Reading memory mapped pointer from 3rd Party PCIe Device via cudaHostRegisterIoMemory without CPU Caching?

Hey experts!

I am currently memory mapping a netlist ev3 card to the GPU via:

cudaHostRegister( ptr, size, cudaHostRegisterIoMemory );

Currently, if I pass a GPU device pointer from GPU A to GPU B, CUDA instantiates an automatic DMA P2P transfer from GPU A to GPU B without getting cached on the CPU. I want this same behaviour but with the netlist ev3 card, such that I can pass the memory mapped pointer from the ev3 card to the GPU kernel, and when the GPU reads that address, have it get directly transferred to the GPU without getting cached on the CPU.

I did some benchmarks on reading the mapped pointer from the netlist ev3 card but it runs at ~12GB/s, however it is on a PCIe 3.0 x4 slot which means it must be getting cached on the CPU.

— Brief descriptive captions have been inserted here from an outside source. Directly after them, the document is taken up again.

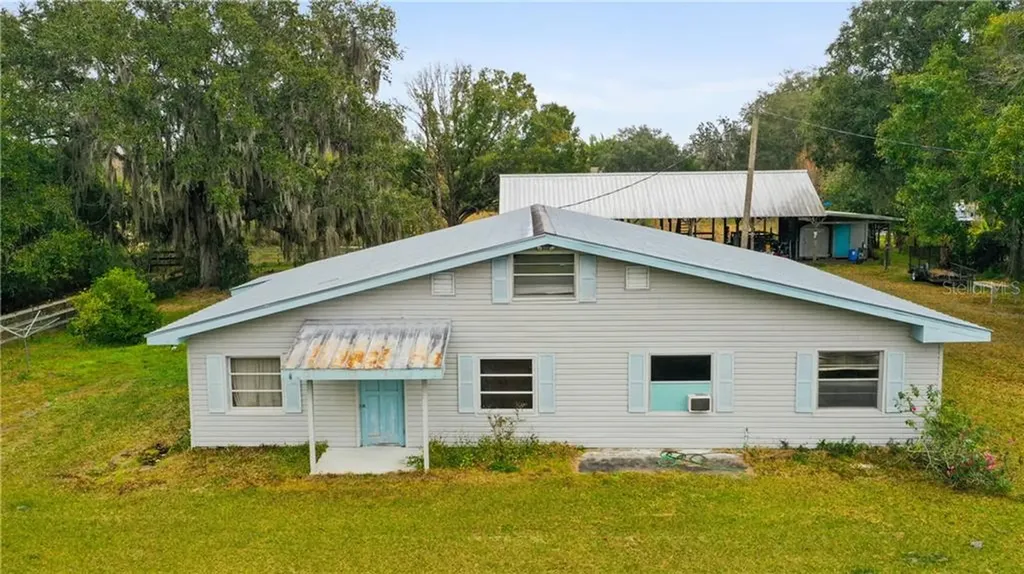 2305 Gunn Road Kissimmee FL 34746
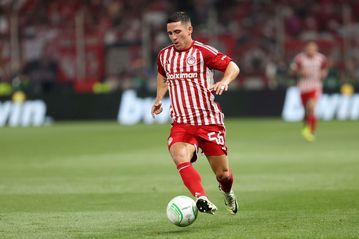 Η επική ατάκα του Αλεξανδρόπουλου στον Ποντένσε: «Έλα στο πούλμαν ρε κοντέ να φύγουμε»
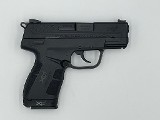 SPRINGFIELD ARMORY XDE 9MM LUGER (9x19 PARA) - 2 of 3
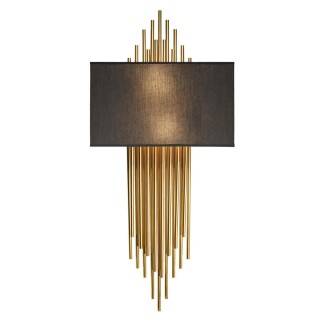 10107 Black Бра LOFT IT Elegio-foto5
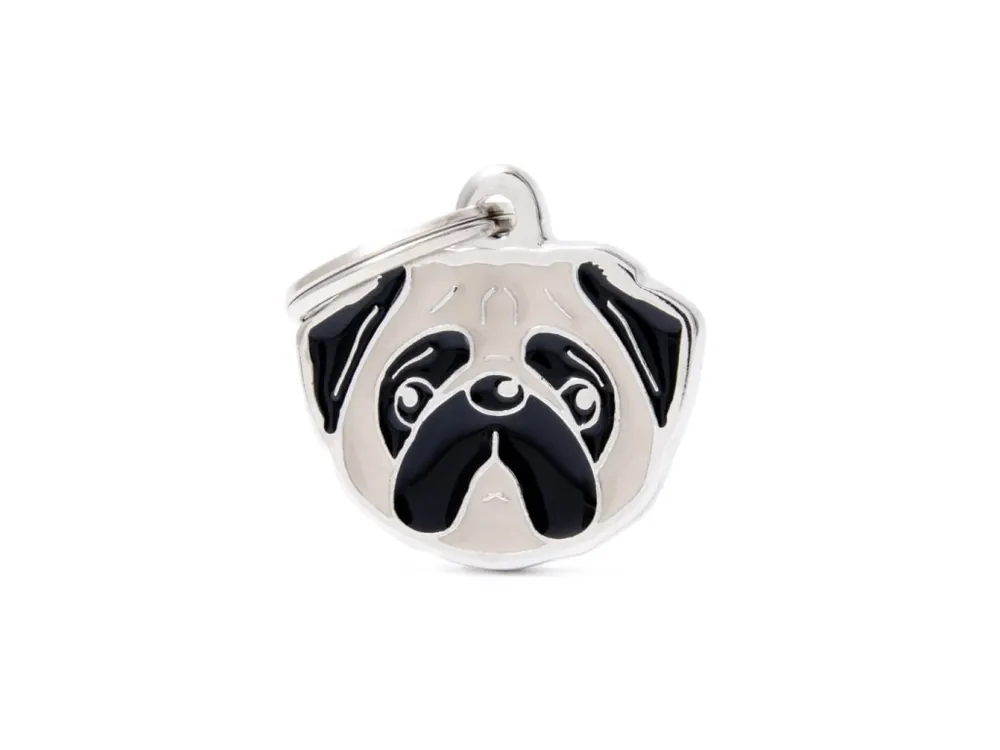 Finální Výprodej FAWN PUG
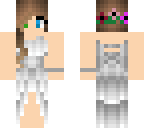 edited dress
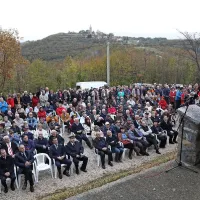 70 let od bitke pri Kučibregu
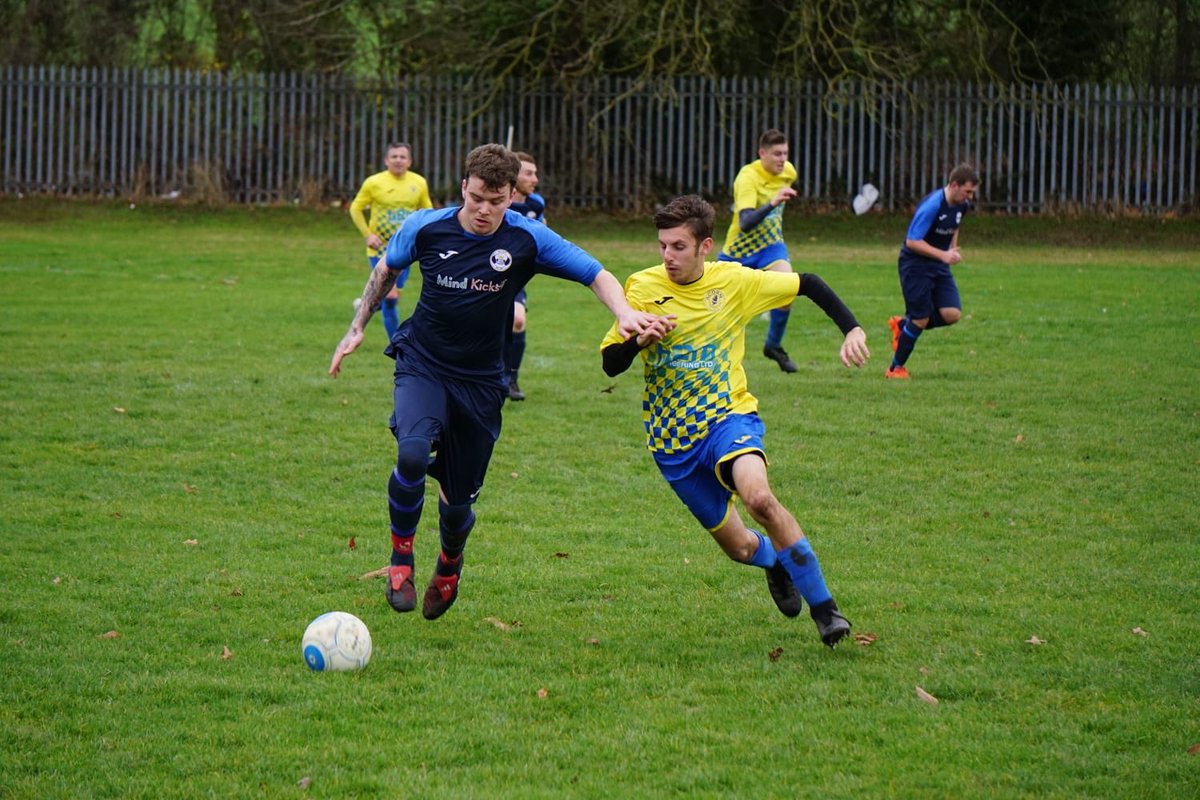 Acorn FC tweet media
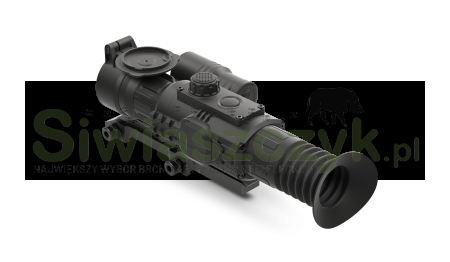 Luneta noktowizyjna YUKON Sightline N450S -111592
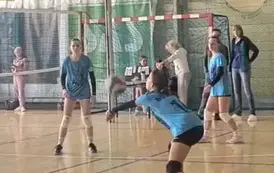 Lena w przyjęciu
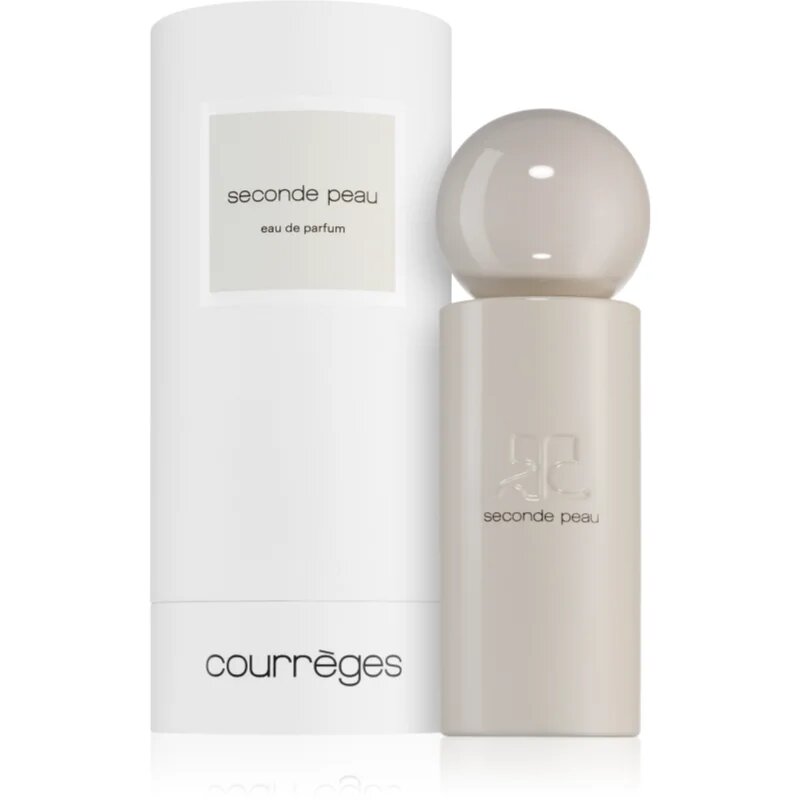 Courrèges Seconde Peau parfémovaná voda unisex 100 ml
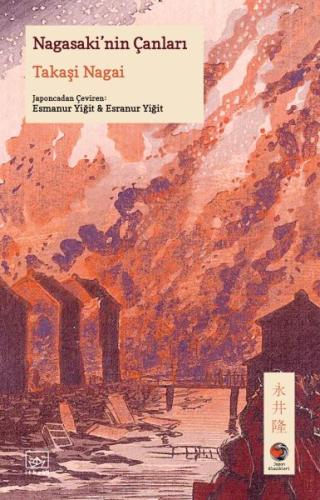 Nagasaki’nin Çanları Japon Klasikleri %12 indirimli Takaşi Nagai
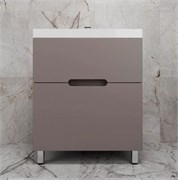 STYLE LINE Тумба напольная 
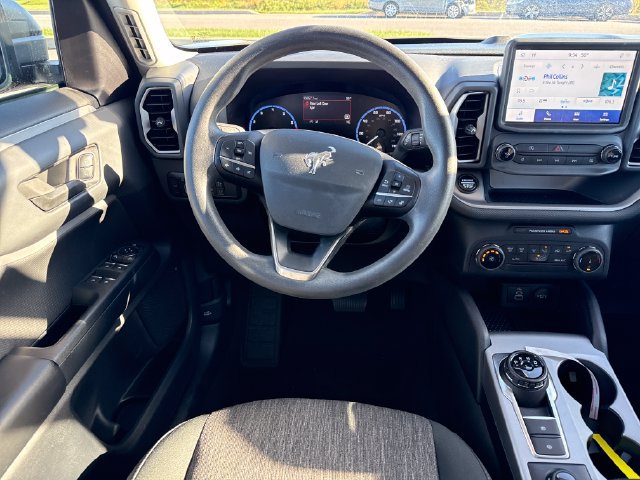 Used 2023 Ford Bronco Sport Big Bend AWD/4WD image 21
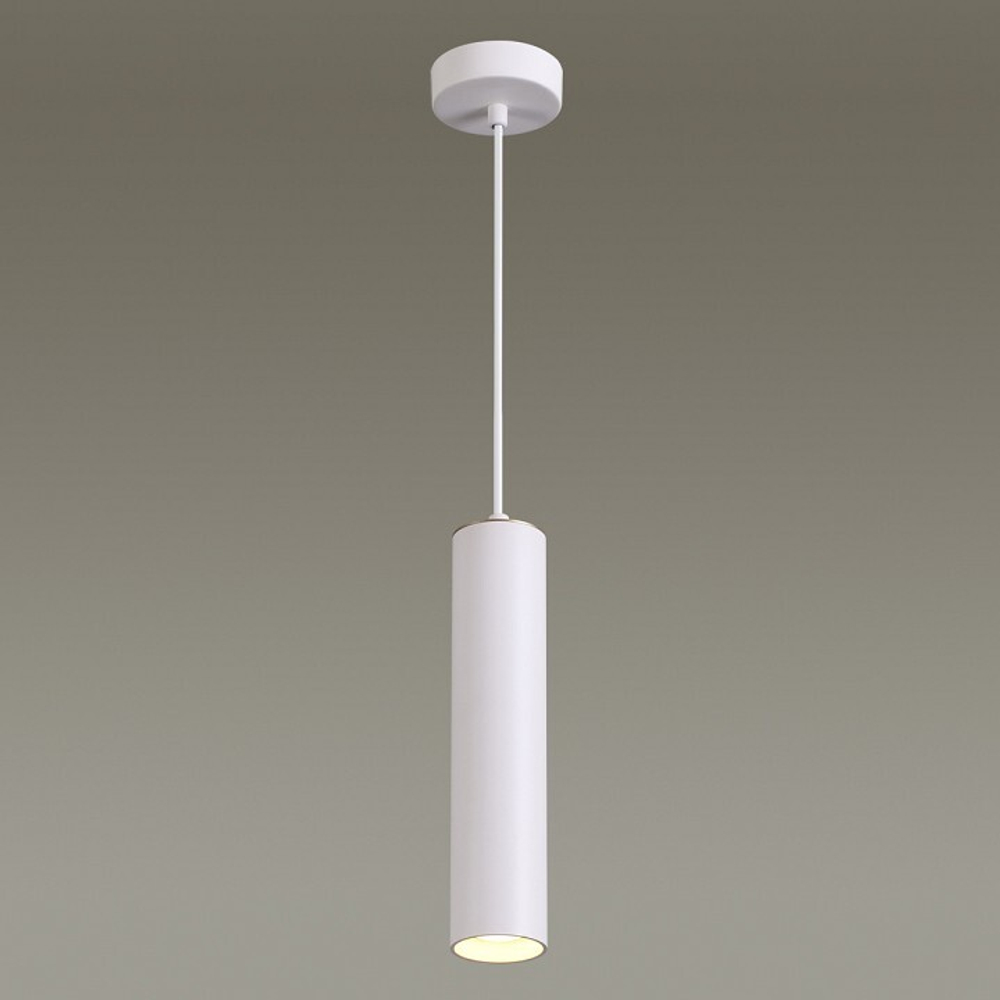 Подвесной светильник Odeon Light Kiko 3873/1L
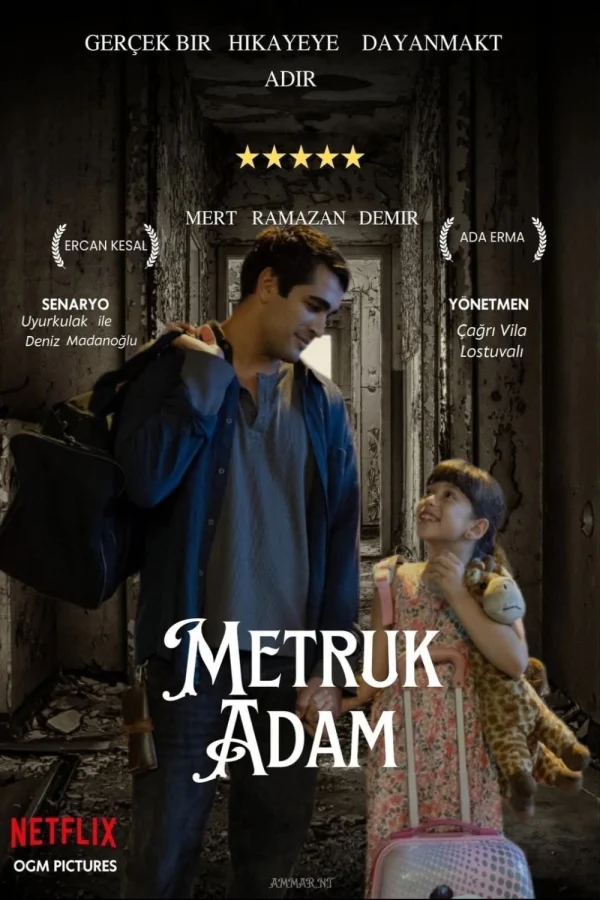 Người Bị Bỏ Rơi - Abandoned Man (2025)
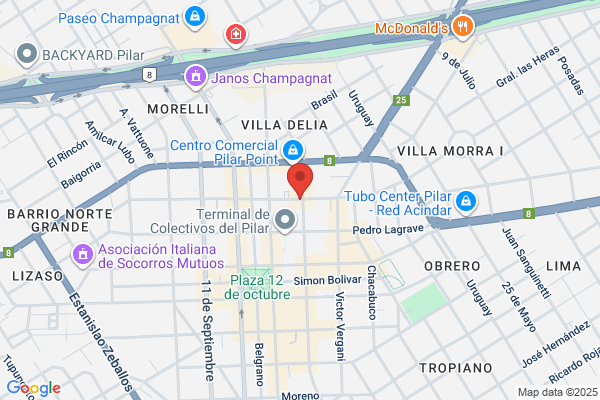 Banco frances, del Rio de la Plata SA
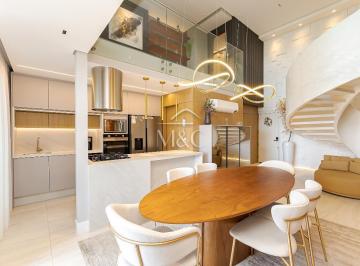 Apartamento · 400m² · 3 Quartos · 4 Vagas · GARDEN exclusivo com 400.91 m², 3 quartos sendo 3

Is there a way to bypass this caching?

Thanks :)

GPUDirect RDMA

[url]GPUDirect RDMA :: CUDA Toolkit Documentation

assuming you can write a driver for the 3rd party card.

Hmm, I kind of wanted to prevent doing that. I was thinking… at some point in the driver it has to detect if the pointer is from another GPU in order to know whether or not it can DMA transfer the data from the other GPU to itself right?

Therefore, is it possible to “fake” the pointer’s attributes such that you give it all the same properties as a GPU pointer and then when it goes to read it, it DMA tranfers from the netlist card to itself in the same way it would from another GPU?

Cheers

Doing what you describe typically requires modifications to the 3rd part device’s driver. If you’re on Linux and this is a character or block device, there is likely a layer of system memory caching being done either by the OS or the EV3’s driver that’s leading to the staging through CPU system memory.